[Start of Attachment]
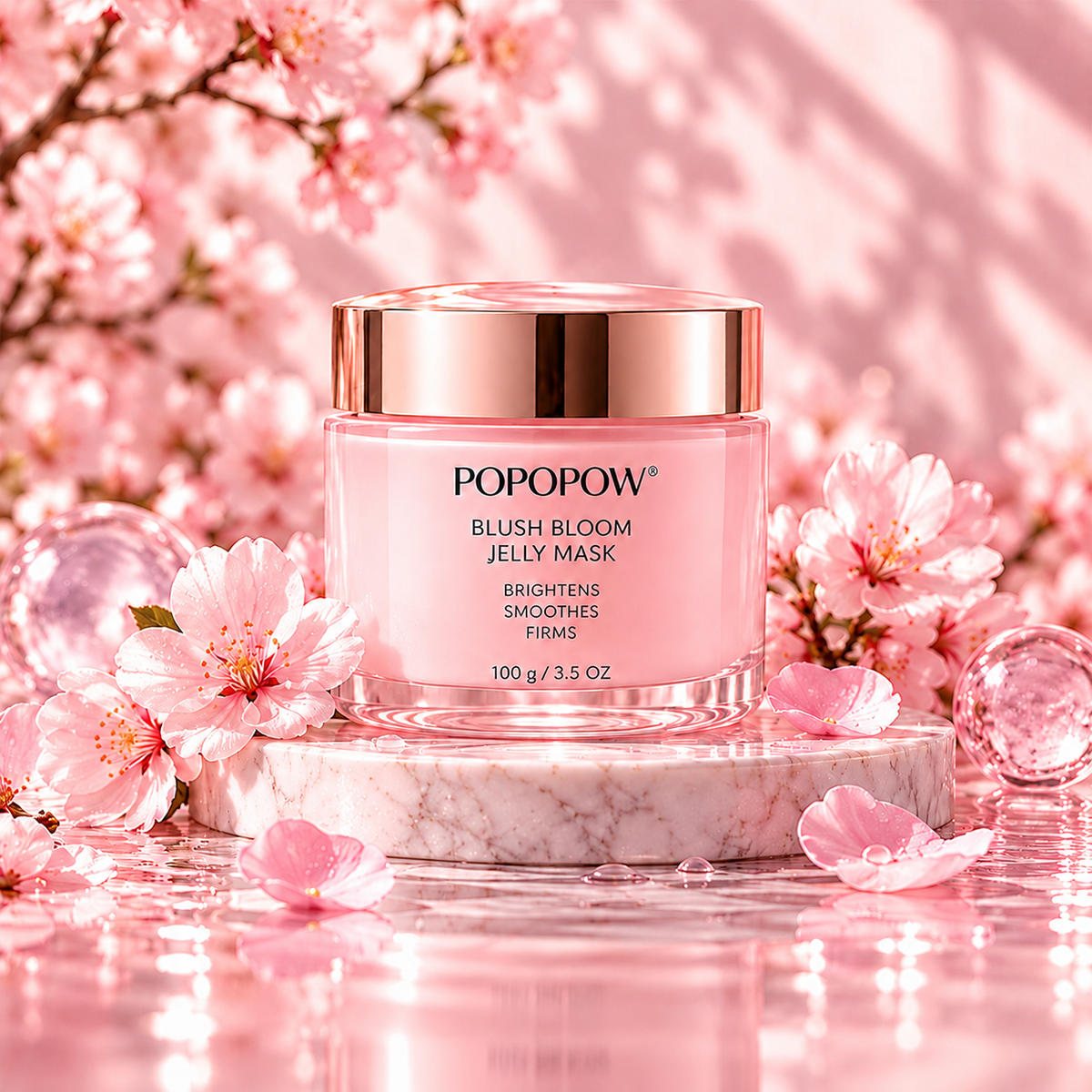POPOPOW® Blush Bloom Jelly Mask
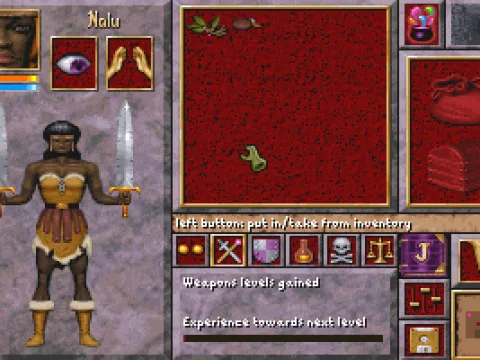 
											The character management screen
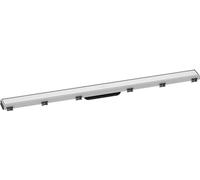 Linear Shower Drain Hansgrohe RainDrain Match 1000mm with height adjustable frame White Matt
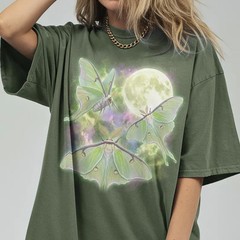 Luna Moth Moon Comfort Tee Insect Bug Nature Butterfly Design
[End of Attachment]
[Start of Attachment]
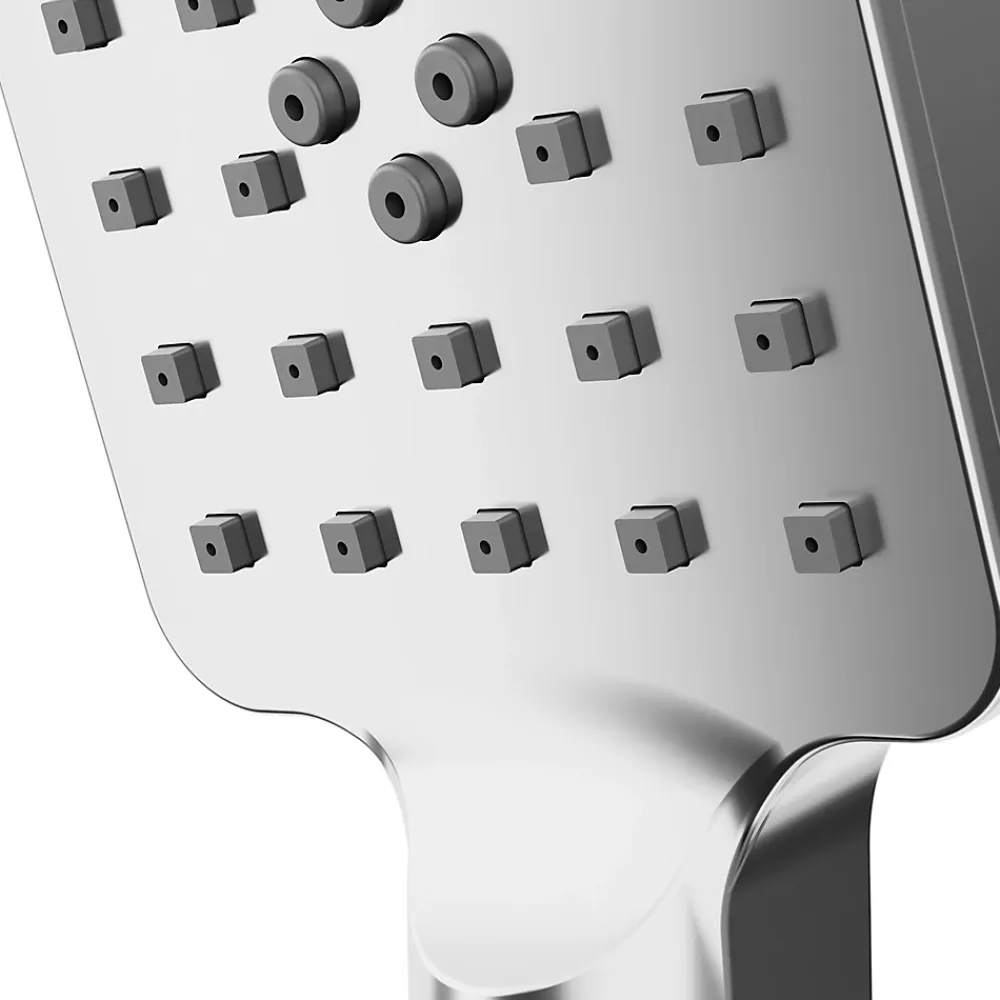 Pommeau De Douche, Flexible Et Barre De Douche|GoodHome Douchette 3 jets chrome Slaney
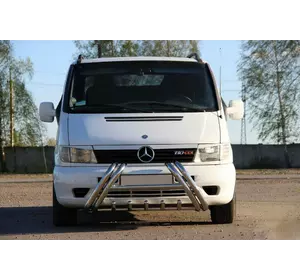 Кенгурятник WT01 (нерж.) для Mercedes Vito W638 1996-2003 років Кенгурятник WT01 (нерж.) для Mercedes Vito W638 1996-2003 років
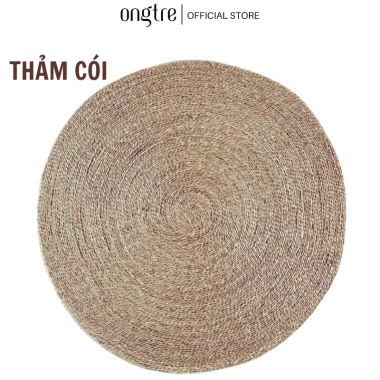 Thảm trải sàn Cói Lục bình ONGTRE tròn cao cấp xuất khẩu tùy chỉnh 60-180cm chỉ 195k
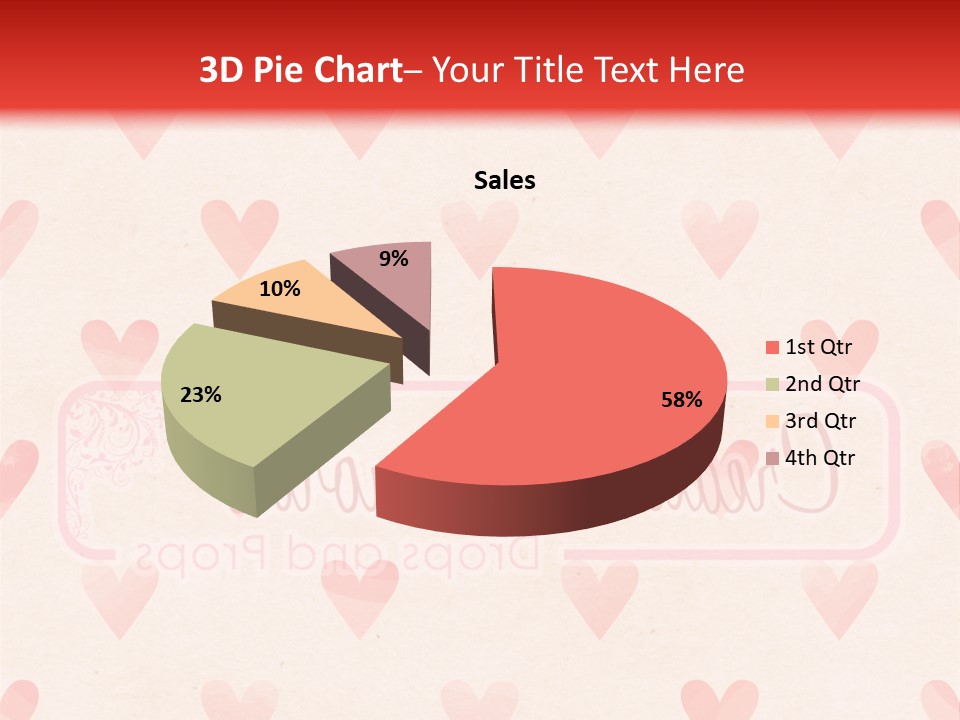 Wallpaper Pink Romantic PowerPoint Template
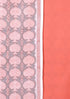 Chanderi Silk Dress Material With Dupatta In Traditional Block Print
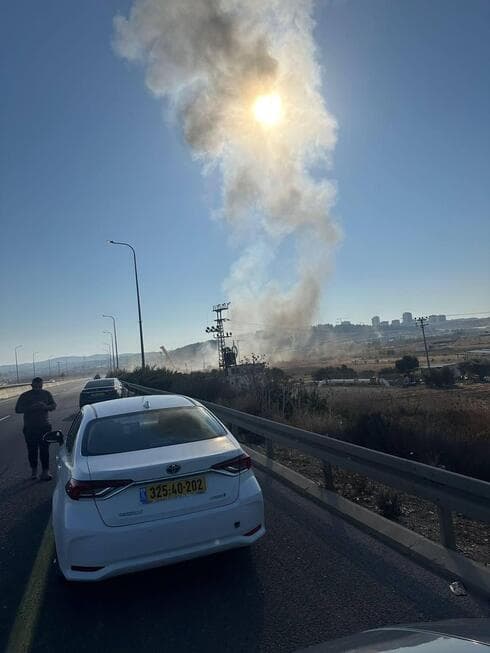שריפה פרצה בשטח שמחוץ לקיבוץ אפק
[End of Attachment]
[Start of Attachment]
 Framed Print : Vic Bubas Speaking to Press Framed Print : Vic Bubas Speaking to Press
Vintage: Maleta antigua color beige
[End of Attachment]
Quote the lines above exactly, starting with the one that has "The character management screen" and ending with the one that has "Luna Moth Moon"; drop the pictures and include nothing else.

_Output below_.
											The character management screen
 Linear Shower Drain Hansgrohe RainDrain Match 1000mm with height adjustable frame White Matt
 Luna Moth Moon Comfort Tee Insect Bug Nature Butterfly Design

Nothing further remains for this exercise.